Um mesmo espaço pode ser visto sob perspectivas diferentes, resulta sempre da leitura

particular de quem o experimenta – Creúsa se entristece e chora ao se deparar com o templo,

para espanto de Íon, que é forçado a questioná-la quão estranha é a sua atitude diante de um

sacro recinto, em que todos experimentam prazer e fascínio, como nos servem de testemunho

as servas de Creúsa, embevecidas diante daquele esplendor.
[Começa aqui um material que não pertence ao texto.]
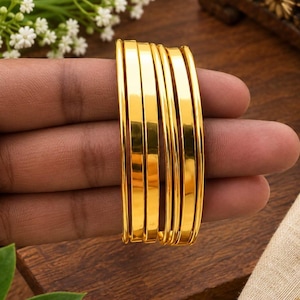 May include: A set of four polished gold-tone bangles with a smooth, reflective surface and a rounded profile. The bracelets are stacked together, showcasing a uniform metallic finish and a simple, clean design without any additional embellishments.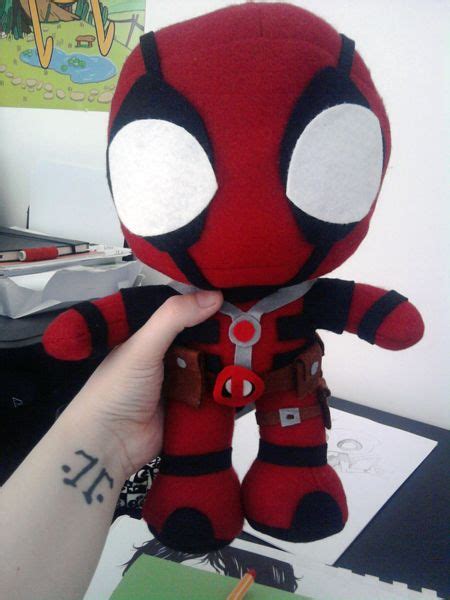 someone is holding up a deadpool stuffed animal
O mesmo vale para a Tróia

dilacerada, em que Menelau e Hécuba reagem de forma diametralmente oposta.

Ao observar quem se relaciona com os espaços, somos tentados a sugerir que todos

nós: primeiro, o poeta – usuário natural de um espaço (Atenas do século V a.C.), de onde ele

retira boa parte do substrato trágico; segundo, os personagens do mito, usuários diretos –

agentes e atores do espaço; terceiro, a audiência, que ia ao teatro assistir às representações e

eram convidadas a “ver” esse espaço trágico, a “senti-lo”, enfim, a construi-lo em grande

medida mentalmente, levando em consideração a exiguidade do cenário do teatro; quarto, nós,

os leitores modernos, ao tentar, e apenas tentar, deslindar o espaço da tragédia.

Como já sugerimos, não nos parece satisfatório, ou útil, supor uma tipologia para os

espaços estudados. Conforme constatamos, um único espaço pode se enquadrar em mais de

uma classificação – um espaço público – pan-helênico - como a frente do templo de Apolo,

em Íon, pode assumir um aspecto puramente doméstico a depender das circunstâncias, a

exemplo de quando Xuto ameaça as mulheres do coro, ou essas aconselham Creúsa como se

estivessem no palácio. Semelhantemente, vemos a casa de Electra – um espaço doméstico –

transformado em local de discussão e tomadas de decisões políticas, de certa forma.

Podemos perceber ao longo do nosso texto que não só o espaço se transformou em um

ator importante a percorrer cada um dos subtemas e dá unidade à tese, mas também a

identidade – presente no reconhecimento entre os irmãos (primeiro capítulo), na identidade

mesma de Íon (segundo capítulo), em toda a discussão que perpassa a efebia dos irmãos

argivos (terceiro capítulo), e na sugestão de casar a mobilidade e a identidade de Menelau

(quarto capítulo).

Examinar os espaços trágicos em consonância com os subtemas a que nos propomos –

Reconhecimento, Identidade, Fronteira e Mobilidade - permitiu-nos verificar a aplicabilidade

do conceito de espaço – ambiente construído – de Rapoport e, consequentemente, apreender

melhor a organização da cidade grega. O espaço na representação trágica, portanto, se nos

apresenta como componente relevante para compreensão da obra dos poetas, em tudo se

associando a precisa construção de cada personagem.